Section: Research Program

Pattern mining algorithms

Twenty years of research in pattern mining have resulted in efficient approaches to handle the algorithmic complexity of the problem. Existing algorithms are now able to efficiently extract patterns with complex structures (ex: sequences, graphs, co-variations) from large datasets. However, when dealing with large, real-world datasets, these methods still output a huge set of patterns, which is impractical for human analysis. This problem is called pattern explosion. The ongoing challenge of pattern mining research is to extract fewer but more meaningful patterns. The LACODAM team is committed to solve the pattern explosion problem by pursuing the following four research topics:

  1. the design of dedicated algorithms for mining temporal patterns

  2. the design of flexible pattern mining approaches

  3. the automatic selection of interesting data mining results

  4. the design of parallel pattern algorithms to ensure scalability

The originality of our contributions relies on the exploration of knowledge-based approaches whose principle is to incorporate dedicated domain knowledge (aka application background knowledge) deep into the mining process. While most data mining approaches are based on agnostic approaches designed to cope with pattern explosion, we propose to develop data mining techniques that rely on knowledge-based artificial intelligence techniques. This entails the use of structured knowledge representations, as well as reasoning methods, in combination with mining.

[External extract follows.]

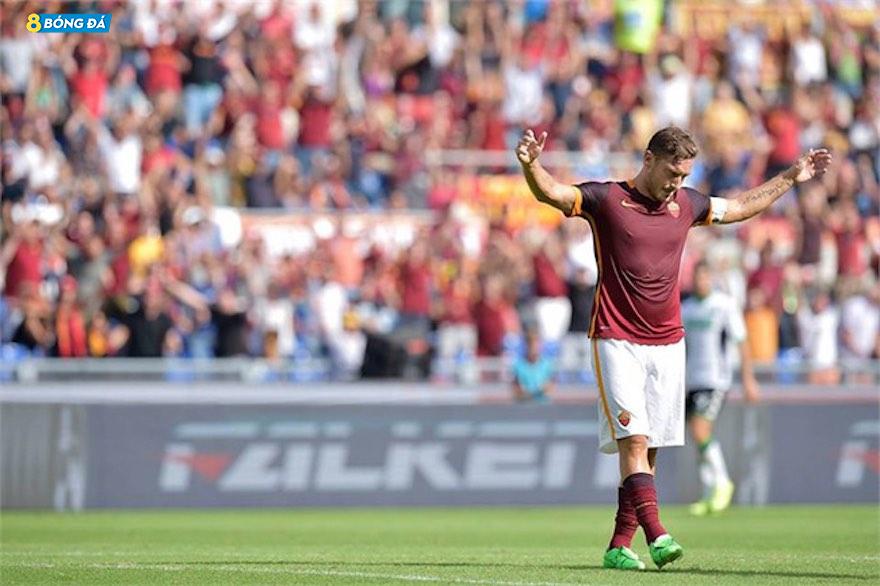 Totti vẫn luôn theo sát Roma sau khi giải nghệ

The first topic concerns classical pattern mining in conjunction with expert knowledge in order to define new pattern types (and related algorithms) that can solve applicative issues. In particular, we investigate how to handle temporality in pattern representations which turns out to be important in many real world applications (in particular for decision support) and deserves particular attention.

The next two topics aim at proposing alternative pattern mining methods to let the user incorporate, on her own, knowledge that will help define her pattern domain of interest. Flexible pattern mining approaches enable analysts to easily incorporate extra knowledge, for example domain related constraints, in order to extract only the most relevant patterns. On the other hand, the selection of interesting data mining results aims at devising strategies to filter out the results that are useless to the data analyst. Besides the challenge of algorithmic efficiency, we are interested in formalizing the foundations of interestingness, according to background knowledge modeled with logical knowledge representation paradigms.

Last but not least, pattern mining algorithms are compute-intensive. It is thus important to exploit all the available computing power. Parallelism is for a foreseeable future one of the main ways to speed up computations, and we have a strong competence on the design of parallel pattern mining algorithms. We will exploit this competence in order to guarantee that our approaches scale up to the data provided by our partners.